Check every line below for the word "Villa" and copy each one that has it.

[Start of Attachment]

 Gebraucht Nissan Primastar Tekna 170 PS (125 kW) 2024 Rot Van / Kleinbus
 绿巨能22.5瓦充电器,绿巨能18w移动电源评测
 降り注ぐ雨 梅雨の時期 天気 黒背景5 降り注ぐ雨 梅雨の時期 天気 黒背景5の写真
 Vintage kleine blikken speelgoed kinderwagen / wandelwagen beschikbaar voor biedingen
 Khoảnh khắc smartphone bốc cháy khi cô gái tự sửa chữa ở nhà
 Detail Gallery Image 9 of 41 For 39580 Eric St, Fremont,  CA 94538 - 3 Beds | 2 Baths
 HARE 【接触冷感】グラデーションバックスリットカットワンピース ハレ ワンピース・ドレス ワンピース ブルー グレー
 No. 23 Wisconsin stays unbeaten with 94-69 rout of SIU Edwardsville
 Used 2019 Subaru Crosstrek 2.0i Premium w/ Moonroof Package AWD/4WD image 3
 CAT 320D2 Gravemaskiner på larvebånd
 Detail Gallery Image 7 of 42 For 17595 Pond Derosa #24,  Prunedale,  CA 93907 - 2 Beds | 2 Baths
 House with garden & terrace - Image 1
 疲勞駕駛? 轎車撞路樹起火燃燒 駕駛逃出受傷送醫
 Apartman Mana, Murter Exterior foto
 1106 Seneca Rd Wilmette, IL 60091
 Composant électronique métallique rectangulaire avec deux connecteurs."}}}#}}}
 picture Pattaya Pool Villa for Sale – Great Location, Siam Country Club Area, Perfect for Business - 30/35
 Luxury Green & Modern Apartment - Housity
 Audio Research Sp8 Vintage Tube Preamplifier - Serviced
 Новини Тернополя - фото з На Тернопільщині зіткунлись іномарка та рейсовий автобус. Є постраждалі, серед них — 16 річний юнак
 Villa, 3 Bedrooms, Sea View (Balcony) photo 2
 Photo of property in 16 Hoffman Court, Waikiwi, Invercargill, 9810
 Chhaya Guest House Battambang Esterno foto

[End of Attachment]

[SOLUTION TO THIS TASK]
 picture Pattaya Pool Villa for Sale – Great Location, Siam Country Club Area, Perfect for Business - 30/35
 Villa, 3 Bedrooms, Sea View (Balcony) photo 2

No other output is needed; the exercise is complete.